Van Kadın Derneği’nin merkezde bir konteynır ofisi, bir de Kemenli konteynır kentin yanında ‘kadın dayanışma çadırı’ var. Bu çadırda aynı zamanda ergenler ve çocuklar için de çalışmalar yürütülüyor. Benim Van’da çocuklarla yaptığım ilk çalışmalar da bu çadırda gerçekleşti. Ayrıca Halkevleri çadırları, bir okul sınıfında ve bir köy okulunda da çocuklara kukla oyunları oynadım.

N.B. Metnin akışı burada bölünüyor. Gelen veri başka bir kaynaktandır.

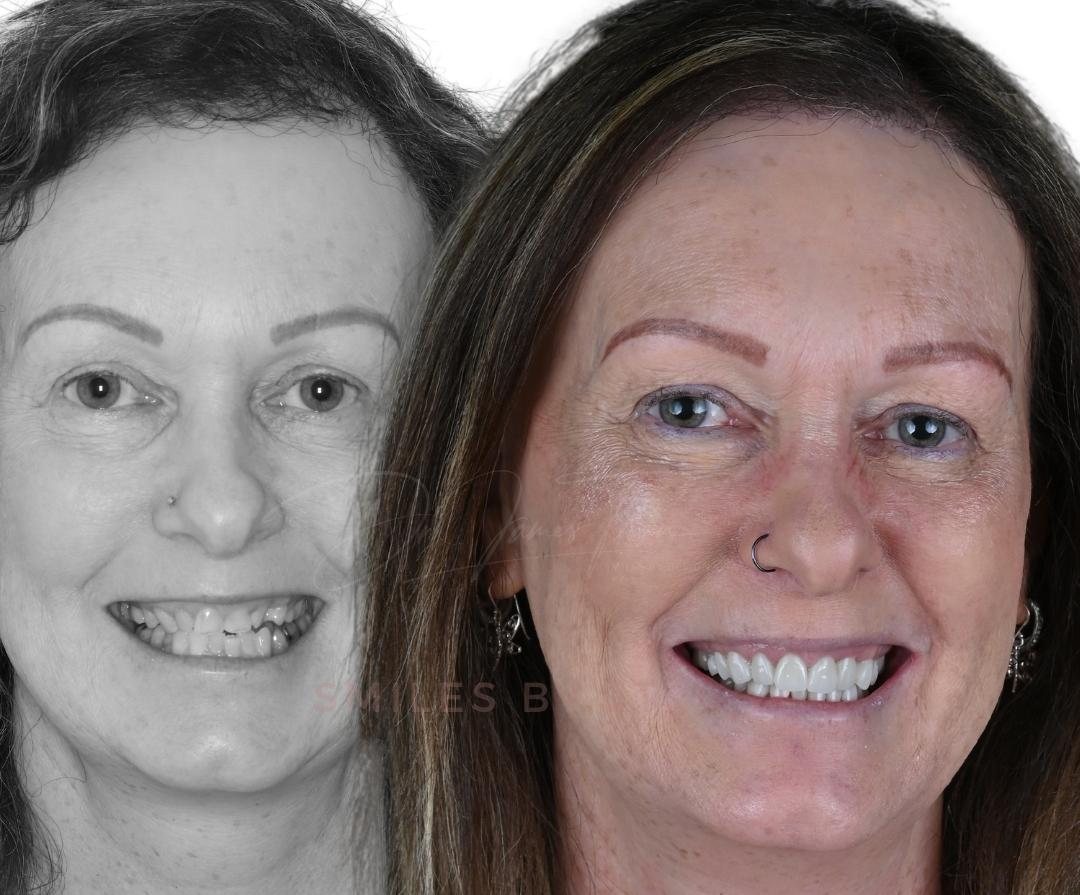 Full-face before and after comparison, taken four weeks apart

Çadırlarda Oynadığım Oyun Hakkında;
“Oyun, ormanda yaşayan üç arkadaş tavşan, köpek, sincap ve bir de yetişkin maymunun günlük hayatlarını eğlenceli bir biçimde göstererek başlıyor. Hikayenin problemi akşam ormanda yangın çıkması ile ortaya çıkıyor. Bobo ve Bademcik’in evinin yanması sonucu evsiz kalmaları ve ne yapacaklarını bilemediklerini söylemeleri ile kuklalar donuyor. Çocuklardan önerileri gelmeye başlıyor.
– Başka ormana gidin
– Yeni bir ev yapın
– Başka ağaçlar dikin
– Ağaçlar büyüyene kadar çadırda yaşayın
Bir süre daha öneriler geldikten sonra yapmaları en uygun olan şey ne diye çocuklar ile tartışıyoruz.

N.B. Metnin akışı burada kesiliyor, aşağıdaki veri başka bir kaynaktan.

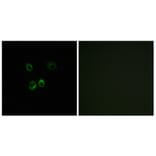 Immunofluorescence - Anti-RGR Antibody (G737) - Antibodies.com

Oynadığım tüm oyunlarda “yeni bir ev yapana kadar çadırda yaşayacaksın” önerisi ile oyuna devam ettik.
Bobo ve Bademcik oyunun devamında yeniden evlerini yapmaya başladı. Onlara arkadaşları Tonki-Ponki de yardımcı oldu. Oyunun sonunda normal geçirdikleri eğlenceli gün biraz farklılaşarak yeniden oynandı. Oyunun son sözü, ‘çocuklar biliyorum zor günler geçiriyorsunuz, ama her şey normale dönecek, tıpkı şimdi oynadığımız oyundaki gibi’ oldu.”
Deprem sonrası çalışmalar hakkında;
Deprem sonrası psikolojik ve sosyal boyutlu çalışmalar, Marmara depremi sonrası yapılanların çok gerisinde. Özellikle uzmanlık gerektiren çalışmalarla ilgili sivil toplum kuruluşları ve ilgili meslek gruplarının düzenli çalışmalar yaptığından bahsedilemez.
Gönüllü olarak yapılan bu tip çalışmalarda -özellikle çocuklara yönelik- yapılacaklar net değil. Örneğin, çadırlarda yapılan çalışmalarda en ciddi problemlerden biri farklı yaşlardan çocukların aynı anda çadırda bulunması. Özellikle önergen çocukların bir kısmında zorba davranışlar gönüllülerce engellenemiyor. Bu da çocuklarla çadırlarda verimli etkinlikler gerçekleştirmeyi zorlaştırmakta.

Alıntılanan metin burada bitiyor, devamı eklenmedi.